This article has two objectives: first, to provide a framework for achieving successful, accelerated projects. Second, to show how RADical project success, viewed within the larger organizational context, can be a catalyst for a more general transformation of software development processes. We have described RADical Software Development as:

A customer driven application development lifecycle that:

delivers quality solutions
is an evolutionary process
uses continuous application engineering techniques
is performed by a dedicated professional team
uses timeboxed project management
is enabled by powerful development tools
results in profound productivity benefits

RADical software development focuses on three areas: customer, product, and process. Much of the current literature on rapid development focuses on particular techniques (JAD, prototyping, timebox). To raise the chances that these projects are successful, and certainly for these projects to have an impact on changing the larger organization, we need to expand their focus.

Close to the Customer

Stanley Marcus of Neiman Marcus put the issue of customer and product as succinctly as anyone has, "There are only two things of importance. One is the customer, and the other is the product. If you take care of customers, they come back. If you take care of product, it doesn't come back. It's just that simple. And it's just that difficult."

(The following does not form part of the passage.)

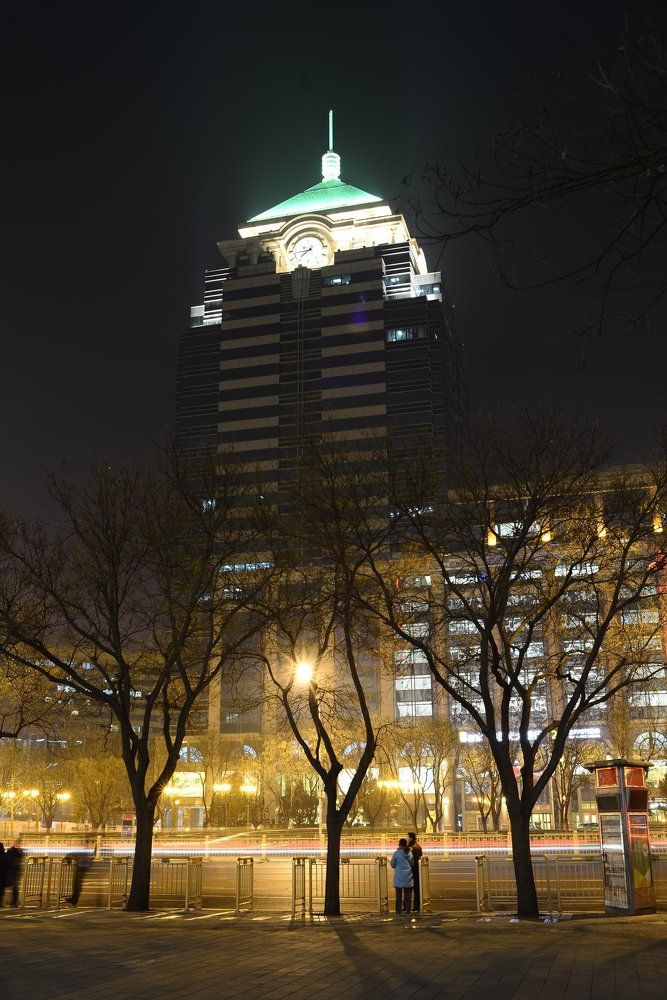 Башни Пекина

There are a number of useful techniques to build a customer driven organization, but three seem to have particular application to a software development project:

Customer Satisfaction Surveys
Joint Application Development (JAD) Sessions
Customer Focus Groups

Customer satisfaction surveys can take a variety of forms, from a written questionnaire to individual interviews. Each has benefits and shortcomings, but the key issue is to measure. A series of questions using a 1-7 scale is appropriate for qualitative measures. More quantitative measures can be developed as areas are highlighted by customers. The key questions are: "Which product and service characteristics are important to your customers? What is the relative importance of each of their wants?

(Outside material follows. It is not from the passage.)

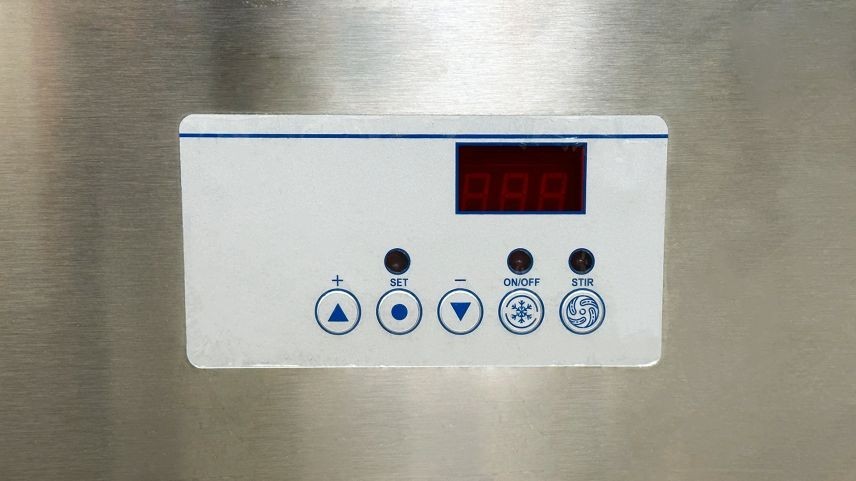 NEW Single Mold Popsicle Maker Machine Ice Cream Freezer Paletas BPZ-01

JAD sessions have been touted for years as an important technique for gathering specifications (or design or other information) for software applications. They engage customers and developers in a common dialog, and speed the development process. The key short-coming of the process, not really JAD's themselves, is untimely feedback. Customers attend JAD sessions, usually get documented results, usually feel pretty good about the sessions, but product results are still ephemeral. Our contention is that without an evolutionary development cycle (discussed later) that produces interim product versions, the benefits of JAD are quickly dissipated. JADs need to be quickly followed by product versions, and then the next customer oriented technique -- the focus group meeting.

Like JAD sessions, customer focus groups are special meetings with several imperatives:

Each session is a review of the product itself, not a document.
The objective of each session is to find and record customer change requests.
The meeting has roles, such as a facilitator, like a JAD session.
Developers must act as if they are behind one-way glass -- be seen, not heard.
Everything is a success! Whether comments are positive or negative, something is learned about the product.

In a variety of projects, focus groups have proven to be remarkably successful. Customers like the fast turnaround: they evaluate a product rather than some indecipherable diagram, their comments are taken seriously -- and they invariably become what developers have wanted -- they become involved!

Results Oriented Quality

Is quality important? According to Capers Jones, "A cumulative defect removal rate of 95% on a project appears to be a nodal points where several benefits accrue ... these projects have the shortest schedules, the lowest quantity of effort, and the highest level of user satisfaction."[2]

This leads to the question of what defines quality. Is it an intrinsic part of the product, or is it a some person's viewpoint? We use Jerry Weinberg's definition, "Quality is value to some person."[3] Software "value" appears to have three broad characteristics -- Scope, Schedule, and Resources. Value is also tied to use. For example, what value would you consider Windows 3.1 to have if it was controlling your heart-lung machine? Given that usage, Windows would have very little value. But if you want to run a suite of integrated desktop applications, Windows has significant value.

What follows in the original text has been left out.